Note that there’s one more interesting thing happening here. The added instance was an N1 instance, which can feature attachable GPUs. So, the CAST AI autoscaler found the cheapest GPU for the N1 instance and created a node with an attached GPU.

You can find the GPU and instance info on the node labels. In this case, it’s here:

Labels:
   node.kubernetes.io/instance-type=n1-standard-1
   nvidia.com/gpu=true
   nvidia.com/gpu.count=2
   nvidia.com/gpu.memory=30516
   nvidia.com/gpu.name=nvidia-tesla-t4

4. Verification.

The previous examples show a container that is able to connect to the CUDA context but doesn’t actually do any work. Instead of using that image, let’s use an image that tries to do some work and verify that the pod is able to use the GPU resource.

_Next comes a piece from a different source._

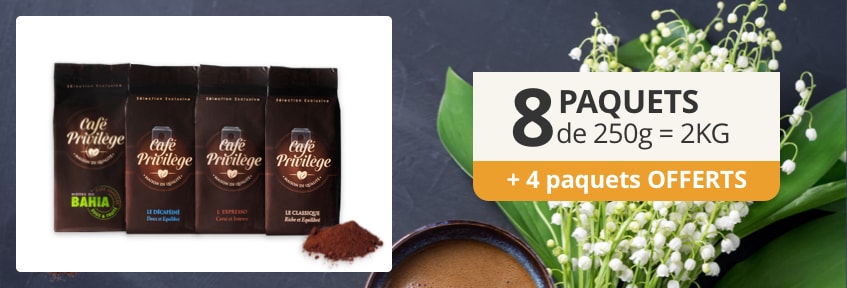 Café panachage moulu x12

To do that, let’s modify the original yaml to use a GPU test image:

apiVersion: apps/v1
kind: Deployment
metadata:
 name: cast-ai-gpu-test
 labels:
   app: cast-ai-gpu-test
spec:
 replicas: 1
 selector:
   matchLabels:
     app: cast-ai-gpu-test
 template:
   metadata:
     labels:
       app: cast-ai-gpu-test
   spec:
     tolerations:
     - key: "nvidia.com/gpu"
       operator: Exists
     containers:
     - name: my-gpu-container
       image: "k8s.gcr.io/cuda-vector-add:v0.1"
       resources:
           requests:
               nvidia.com/gpu: 1
           limits:
               nvidia.com/gpu: 1

After a few seconds, we should see that the pod is in a completed state:

❯ kubectl get po
NAME                                READY   STATUS             RESTARTS       AGE
cast-ai-gpu-test-84cbbf4b75-5h8xc   0/1     Completed          0              20s

To verify that it worked, you can check the logs of the pod itself:

❯ kubectl logs cast-ai-gpu-test-84cbbf4b75-5h8xc
[Vector addition of 50000 elements]
Copy input data from the host memory to the CUDA device
CUDA kernel launch with 196 blocks of 256 threads
Copy output data from the CUDA device to the host memory
Test PASSED
Done

GPU customization

The examples I showed here demonstrate how to leverage any GPU that was the cheapest at the time of creating an instance. But in some cases, you may want to use specific GPUs for your workloads.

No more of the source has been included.